Dans quels mondes vivons-nous ? propose en résumé une promenade qui dépasse largement les frontières de la philosophie pour frayer dans les eaux de la musique ( de l’un au multiple, l’écart à soi du un est une question de rythme. – ce à quoi fait échos, la digression d’A. Barrau, dans la seconde partie, sur les variations Goldberg[20].) On pourrait faire le reproche à ce livre de multiplier les sources, les références et les auteurs. Mais il s’agit d’un essai, « ce qui (leur) importe ici, c’est simplement d’en souligner la diversité »[21].

            Il ne s’agit donc pas ici de réfuter tout construit ou « de bannir toute allusion à un ordre ( … ) ce serait impossible »[22]. Mais l’ambition reste forte de penser la possibilité d’un sens qui ne se tiendrait pas dans une pensée constructiviste.

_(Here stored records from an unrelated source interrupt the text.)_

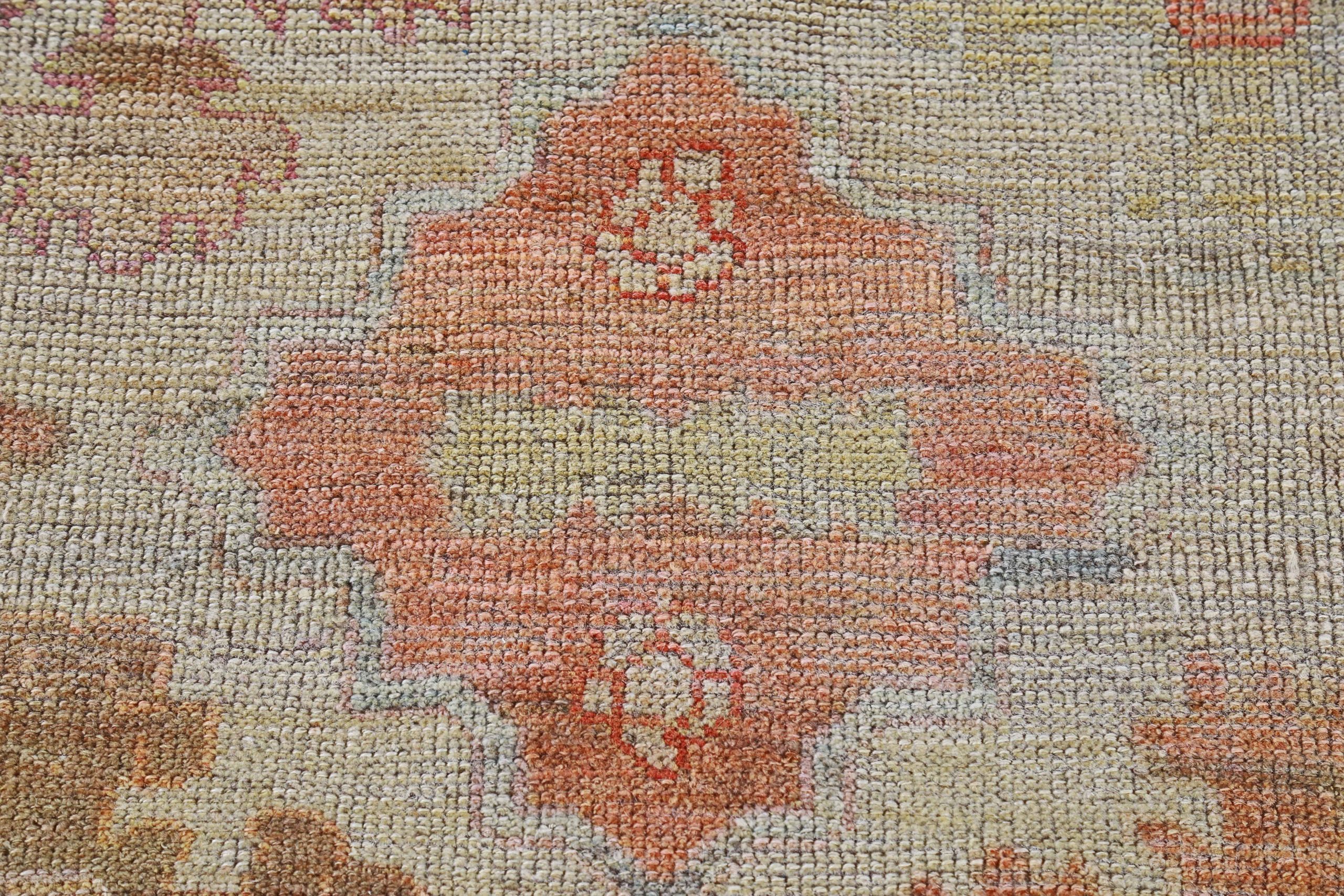 Thumbnail 7 for Turkey Tribal Rug 90910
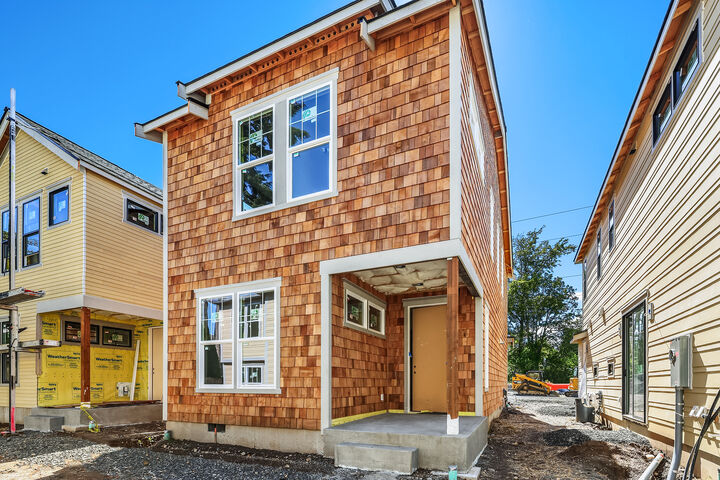 Property Photo: 12511 NE 94th Street WA 98033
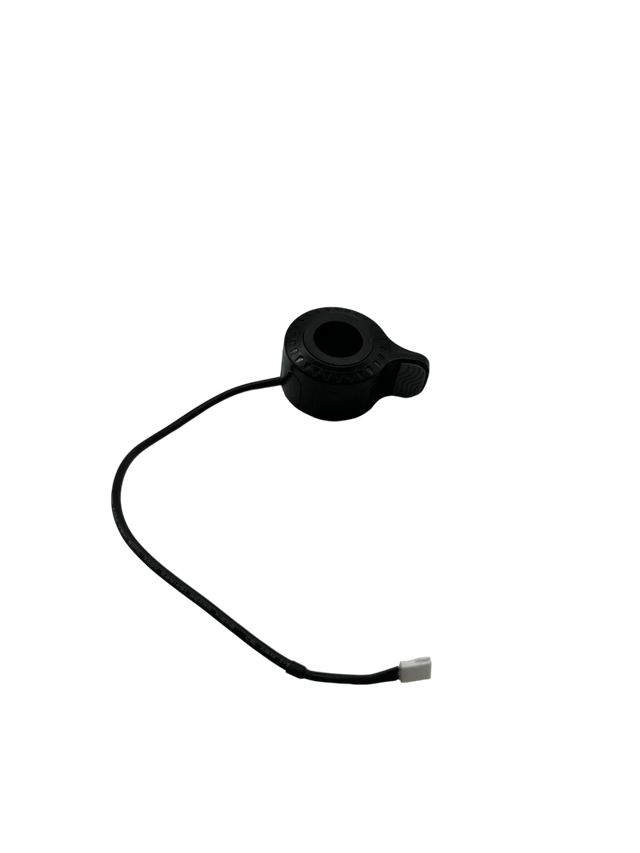 TEVERUN FIGHTER 11 & 11+ 2026 | ACCELERATEUR GACHETTE AU POUCE, vue principale de face, pièce de rechange certifiée (Accélérateurs) compatible Volt pour trottinette électrique.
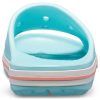 Crocs Bayaband Clog ijsblauwe pantoffels 205392-4JF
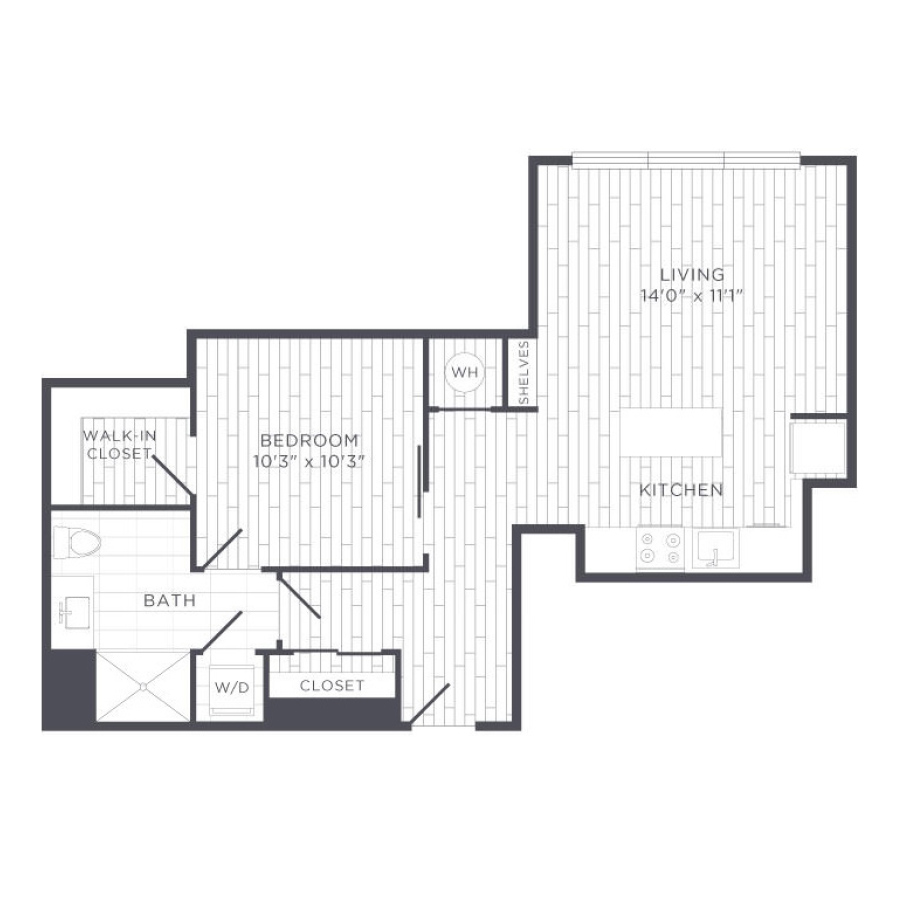 C5 floor plan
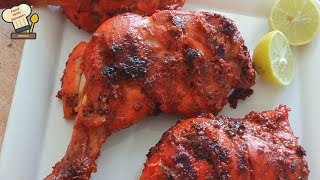 Tandoori Chicken Restaurant Style Without Oven|Chicken Recipe|How To Make Chicken Tandoori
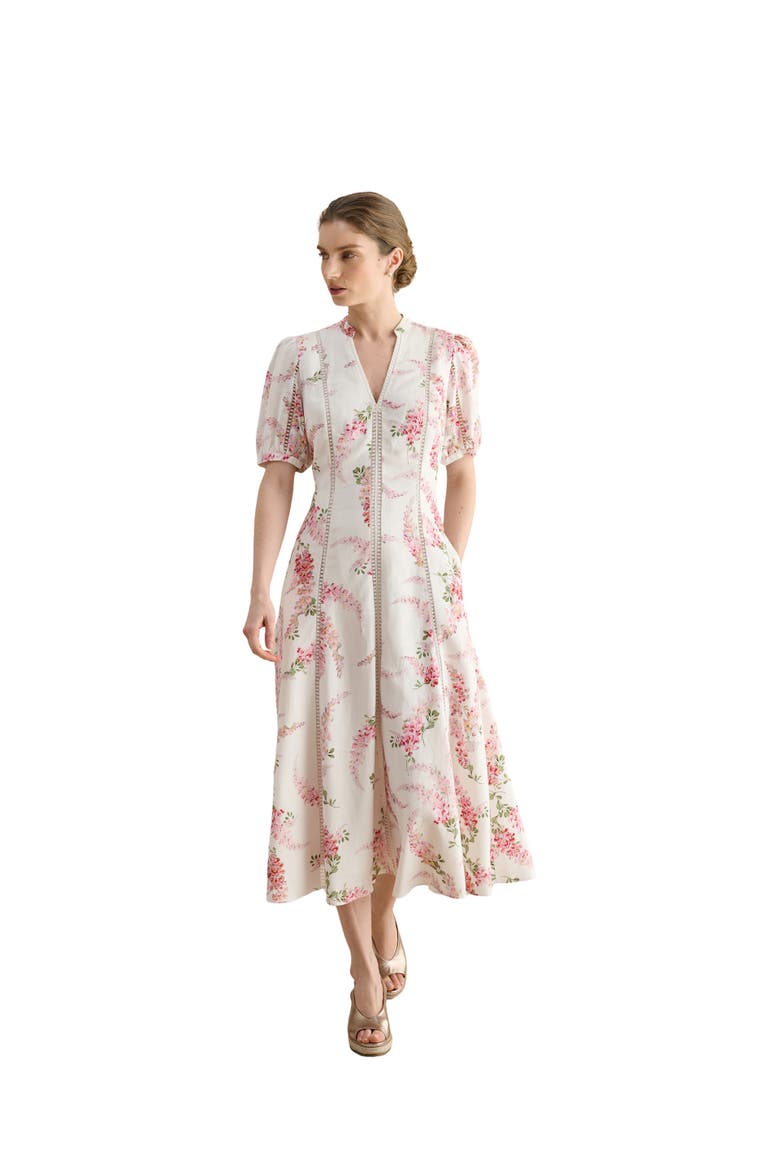 Matilda Floral Dress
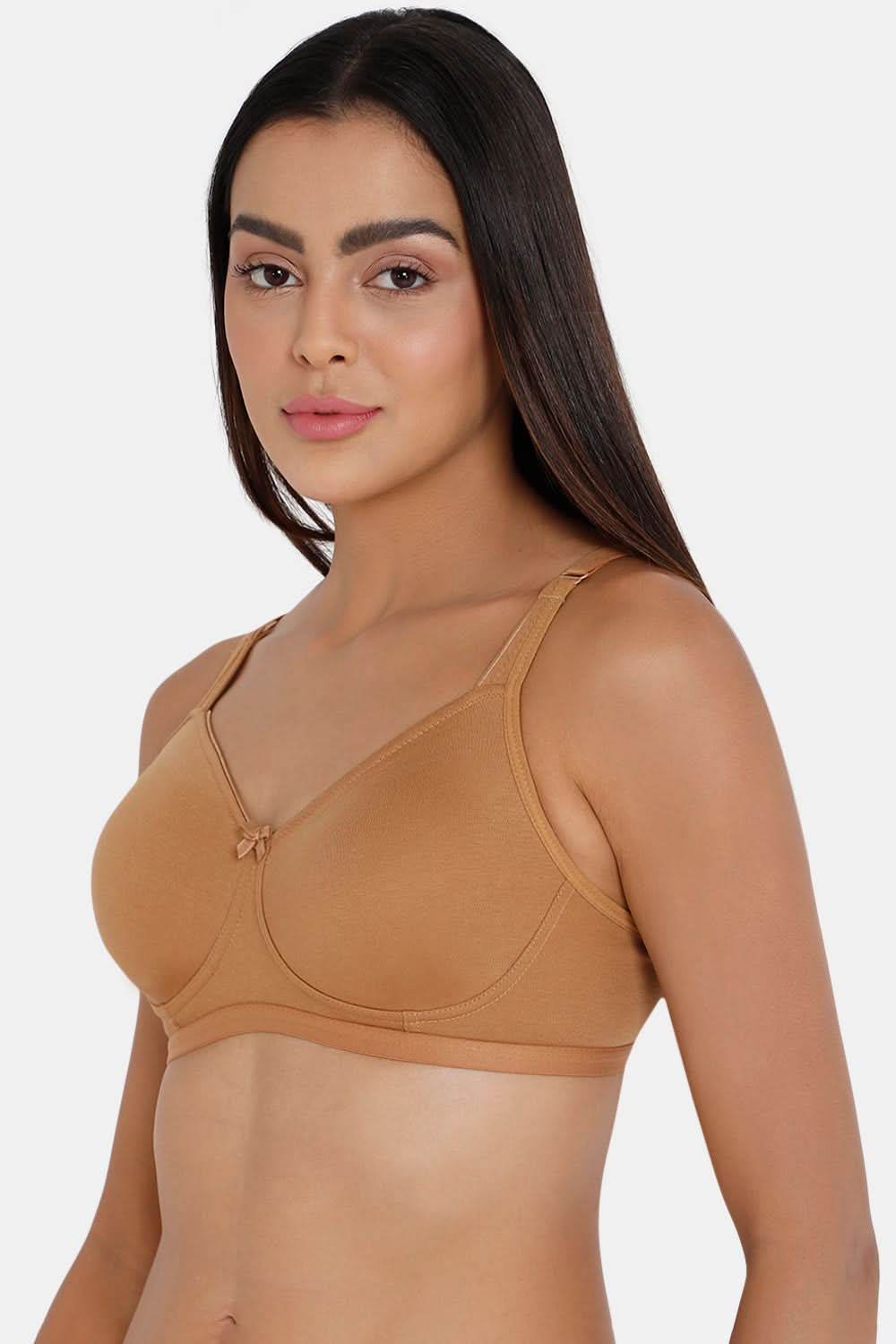 Medium Coverage Non-Padded Non-Wired Intimacy Everyday Bra Prime Shades - ES21 - Naidu Hall Family Store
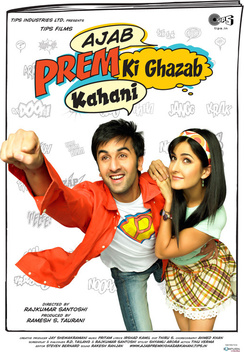 Ajab Prem Ki Ghazab Kahani (2009)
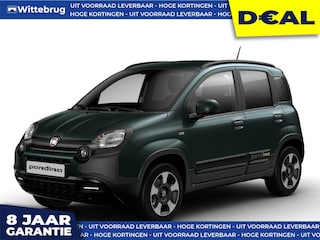 Fiat Panda 1.0 Hybrid Pandina DIRECT RIJDEN - 8 JAAR GARANTIE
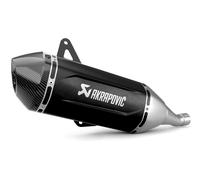 AKRAPOVIC SLIP ON STAINLESS STEEL SILENCER FOR PIAGGIO FOR VESPA PRIMAVERA 125 /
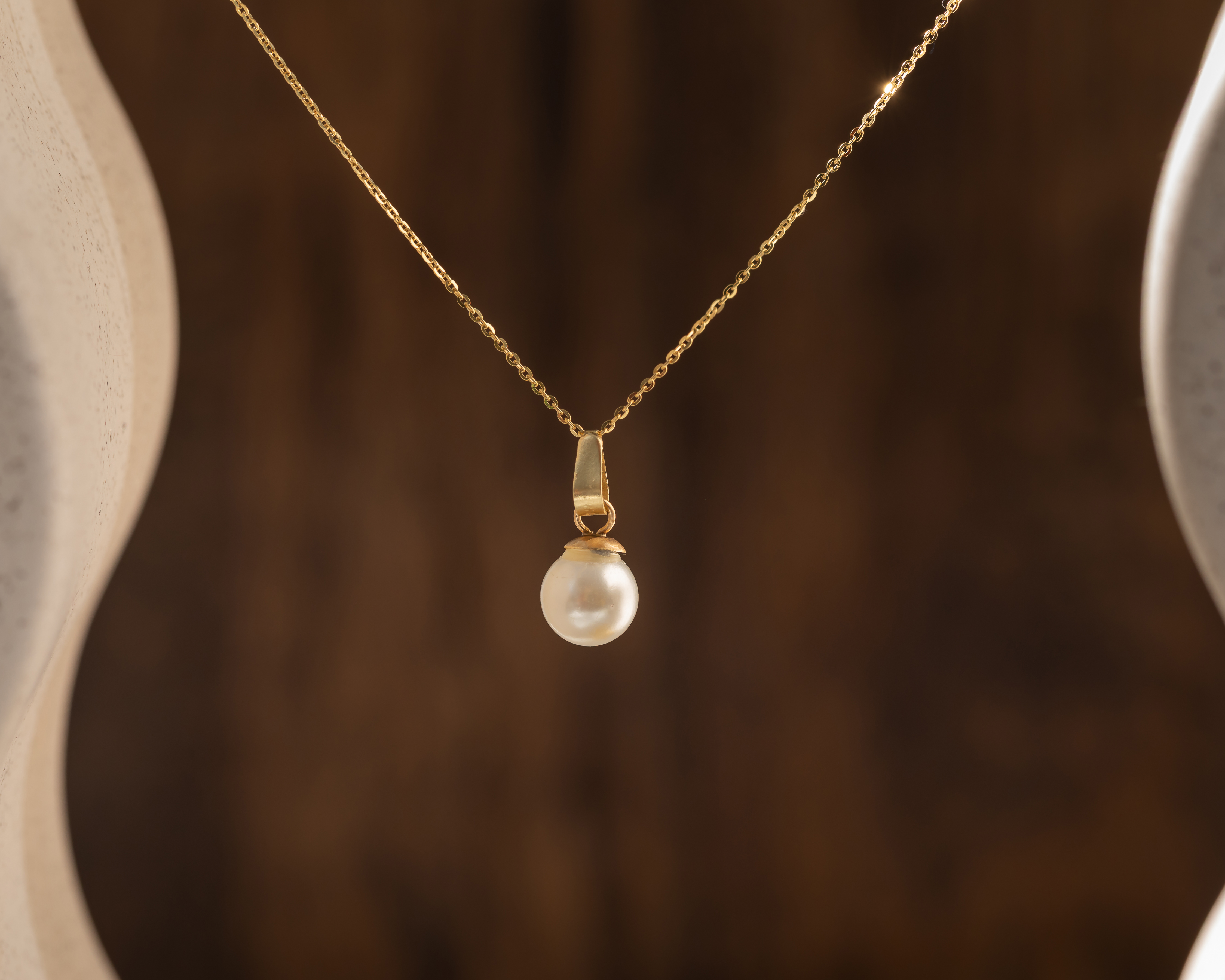 Foto 6 pulgar | Foto 5 | Collar de Oro 10k Sentimientos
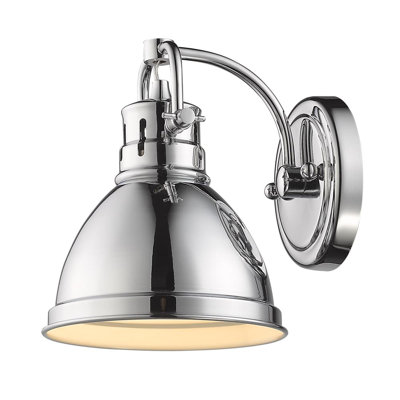 Bowdoinham Dimmable Vanity Light
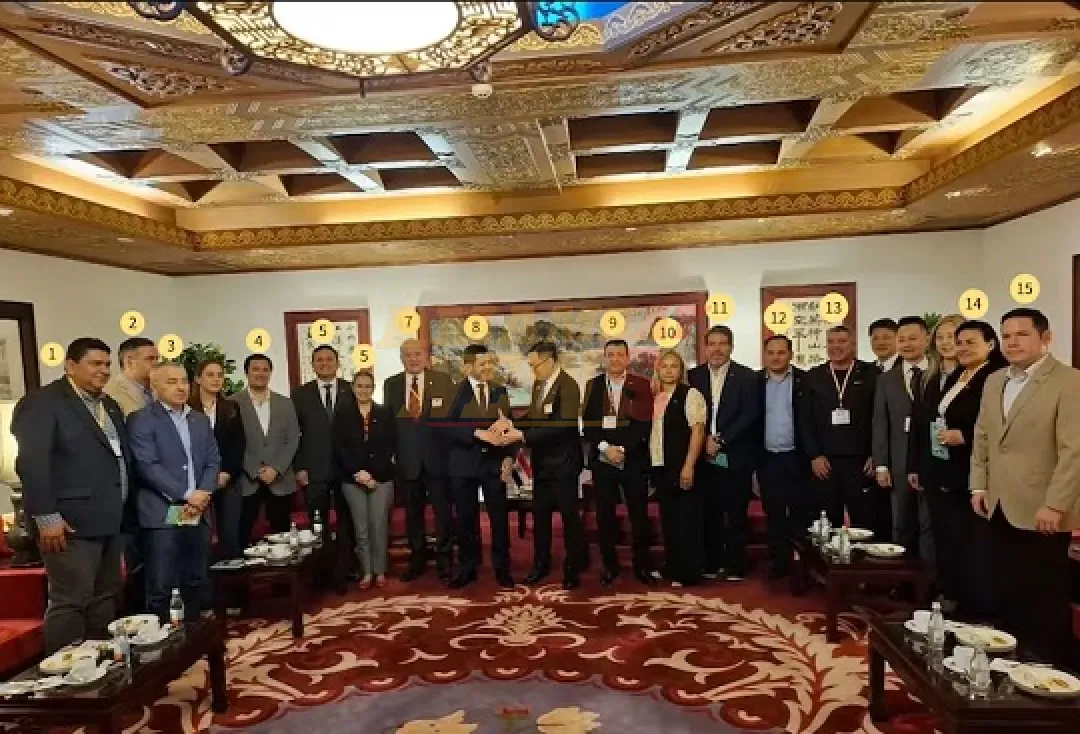 Sin quórum en Diputados por viaje de 14 legisladores a Taiwán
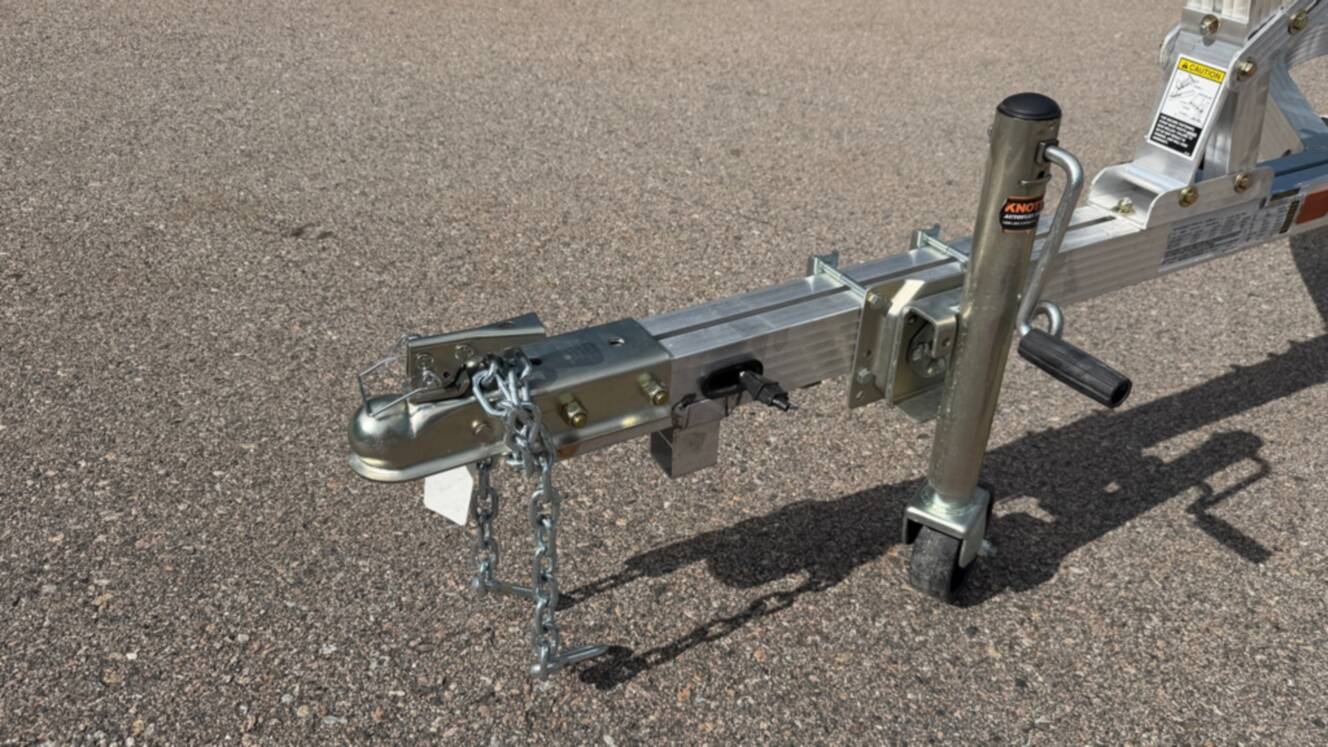 A photo of this 2027 Triton LTWCI-X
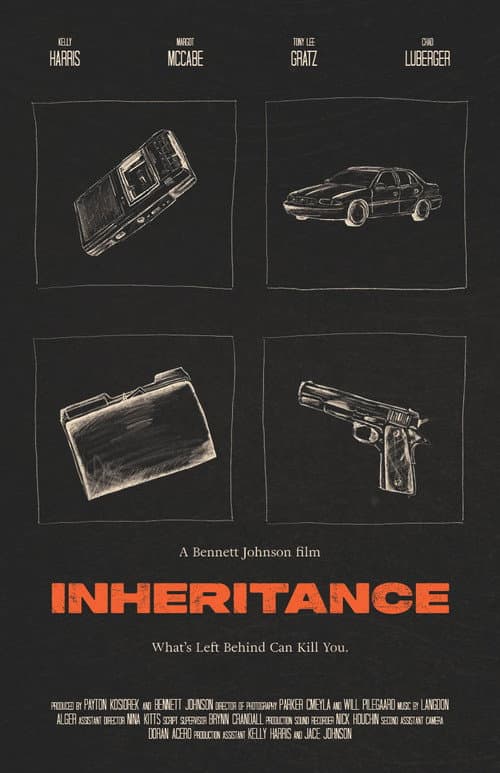 Постер: Inheritance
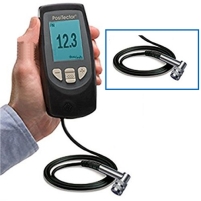 Đầu dò độ dày lớp phủ Positector 6000 PRBFNRS-D Hình ảnh Đầu dò độ dày lớp phủ Positector 6000 PRBFNRS-D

Pour résumer en une phrase l’orientation de tout l’ouvrage :

« Beaucoup doit être réinventé, à commencer par une pensée du désordre [23]»

Thibaud ZUPPINGER (Paris IV- Sorbonne – Rationalités contemporaines)



[1] P. 144

[4] p. 12

[5] P. 105

[6] P. 72

[7] P. 20

[8] P. 23.

[9] P. 22.

[10] P. 26.

[11] P. 110.

[12] P. 22.

[13] P. 144

[14] P. 106

[15] P. 131

[16] p. 116

[17] p. 118

[18] p. 145

[19] Ibid.

[20] P. 57

[21] P. 68

[22] P. 141

[23] P. 144

  1. Un petit commentaire qui paraitra hors sujet: la taille des caractères est trop petite. Ce qui fait que l’on n’a pas envie de lire le texte jusqu’au bout. Vouloir imiter la mise en page du journal Le Monde est une mauvaise habitude… De ce fait, je ne sais pas de quoi parle ce texte exactement!